Most of the time, we will collect your personal information directly from you. From time to time, we may also collect information about you from other people and organisations. This includes through credit representatives and financial advisers, when engaging directly with you, from our website as well as from competitions and promotions to which you choose to respond.

We collect personal information;

when you enquire about, apply for, or use our products or services. This includes OpenAgent’s vendor research services or services provided by a Doorsteps entity.
when you contact us to make an enquiry or give us feedback;
when you visit our Sites, register with or use our digital services;
when you participate in other activities we offer, such as competitions or surveys;
when you engage with us or do business with us, by phone or email;
from digital tracking tools such as Google Analytics and Google Signals, and sometimes automatically through tracking technologies (including cookies);
via payment providers. For example, if you enter into a contract for our services where a fee is payable, we will need to collect and use your payment information, including your credit/debit card details in order to process payment. This type of personal information is usually processed and provided to us by and in accordance with the relevant payment provider’s terms; or
from other sources, such as public databases, acquired contact lists, real estate agents, professional and other credit bodies if you apply for credit (for example under reciprocal arrangements), your employer, regulators and government and statutory bodies.

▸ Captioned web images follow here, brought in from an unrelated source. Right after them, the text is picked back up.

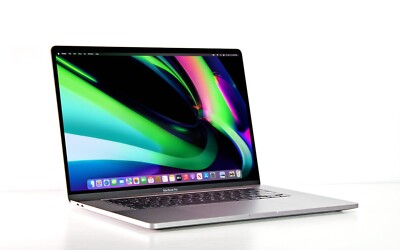 2019 Apple MacBook Pro 16-inch 32GB RAM 2TB SSD 5500M 8GB + 1-Year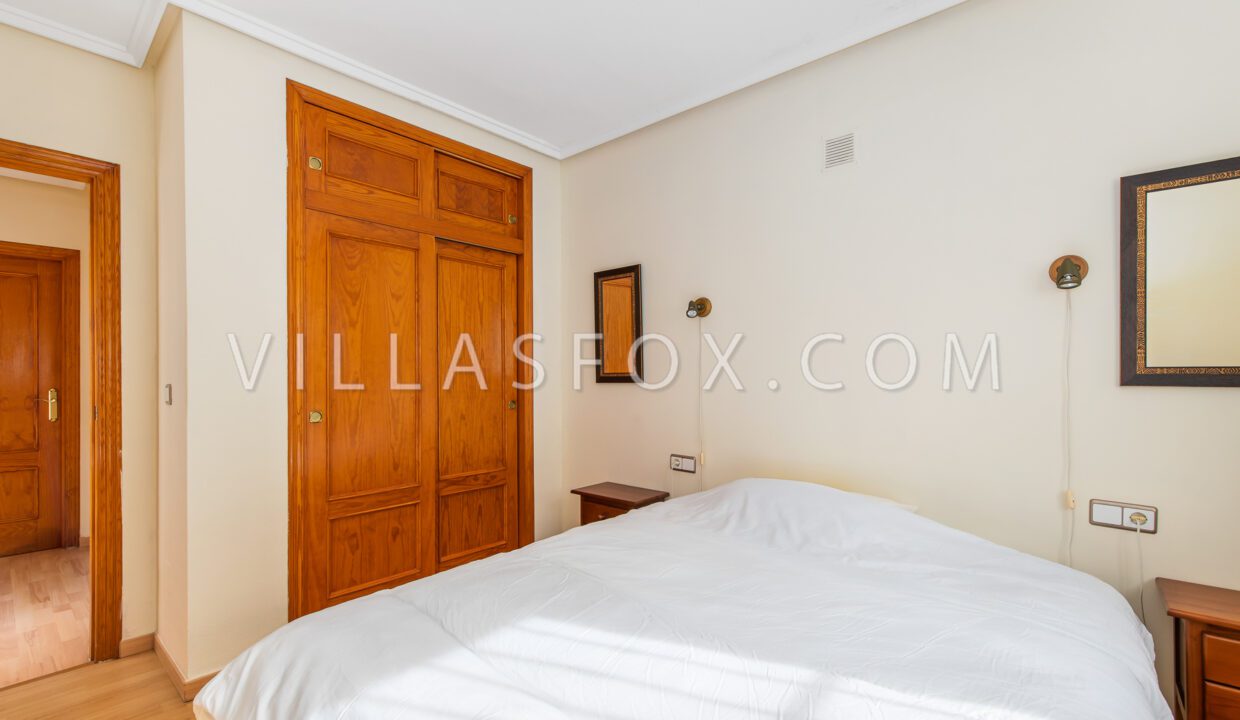 1117_lakeview_mansions_lo_rufete_villa_for_sale_villas_fox-17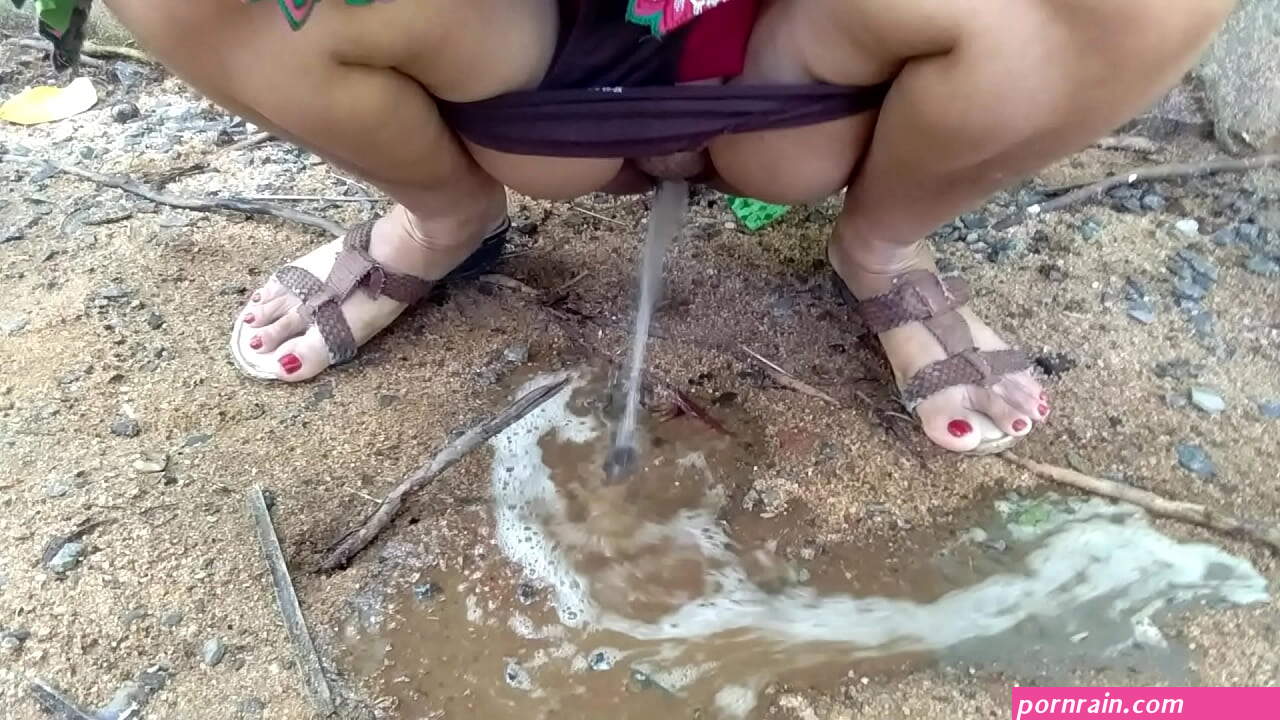 Desi Indian Bhabhi Outdoor Public Pissing Video Compilation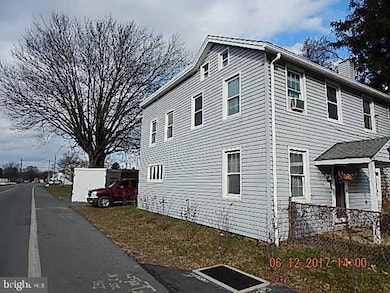 201 Shippen St, Middletown, PA 17057 - photo 7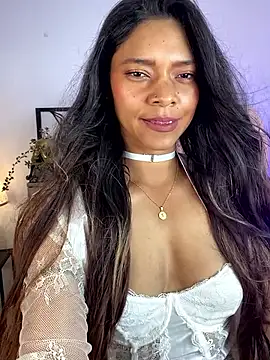 Snapshot of Alliz_Collette chatting on 12-04-25, 12:53 Alliz Collette online show from 12-04-25, 12:53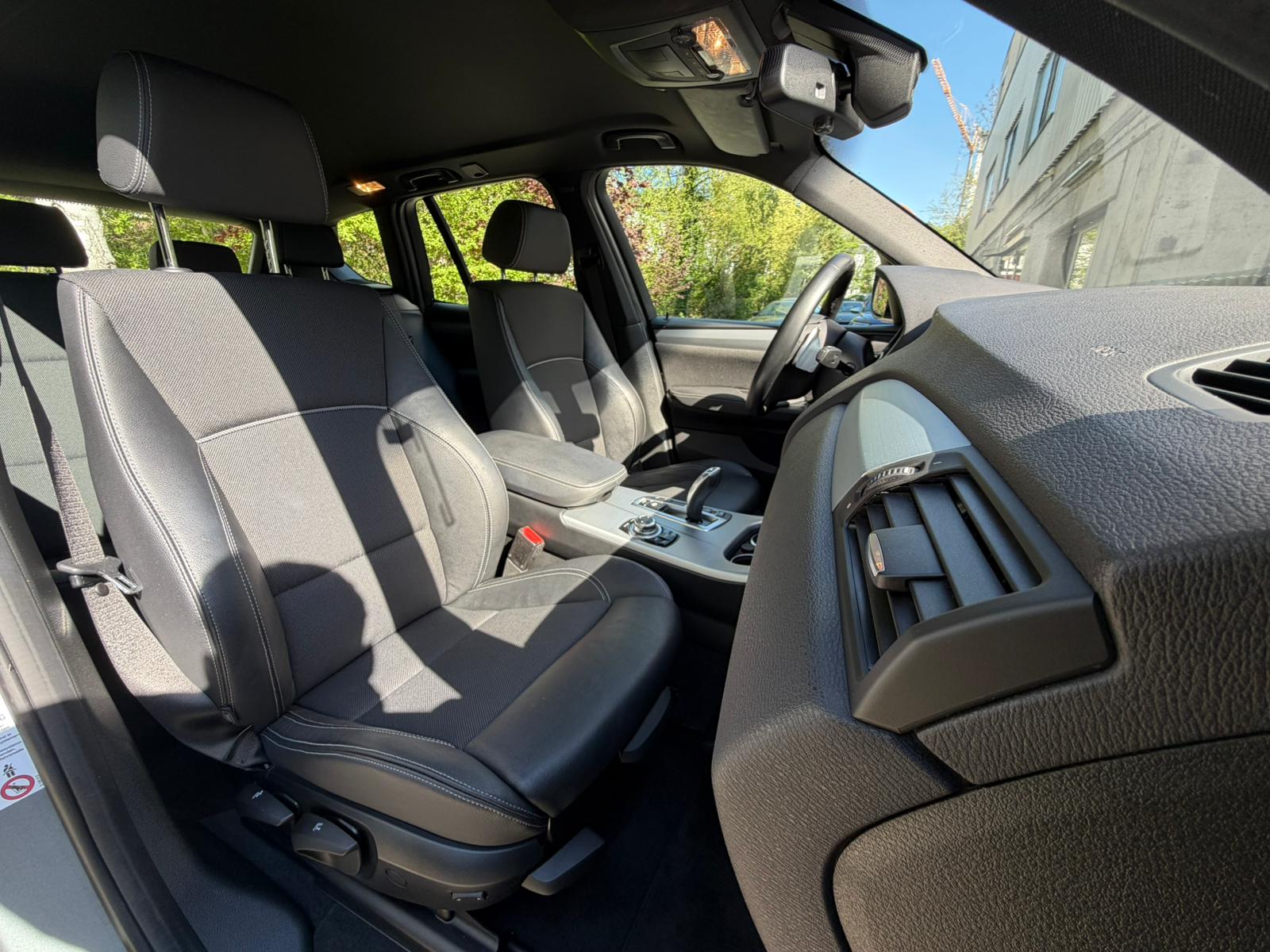 BMW X3 xDrive 20d Steptronic M Sport-image-16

Types of Personal Information

The types of personal information we collect and hold may include:

Identification Information	For example, your name, property address, telephone numbers and email address, your personal details, such as date of birth, your employment information, Australian Government related identifiers and identity documents, residential status etc.
Financial Information	Information about your financial position, including your income, expenses, savings and assets and any (other) credit arrangements, your reasons and objectives for applying for a product or service and where required other details such as the ages and number of your dependants, the length of time you have lived at your current address, information relevant to your property interests, including properties you have shown an interest in and other information we consider relevant to assessment of your application for credit or any other service we provide.
Credit-related information	Details of credit applied for and details of the type and amount of credit granted, the fact that credit provided to you has been repaid, whether or not you have made payments on time, default information, being payments overdue and for which collection action has started, information about your credit worthiness, details of any new arrangements made with you, including hardship applications.
Details of any defaults or serious credit infringements	Court proceedings and person insolvency information, and if in you have committed a serious credit infringement.
Public information	Public record information such as court judgments, directorship and business proprietorship details, bankruptcy, debt agreement and personal insolvency.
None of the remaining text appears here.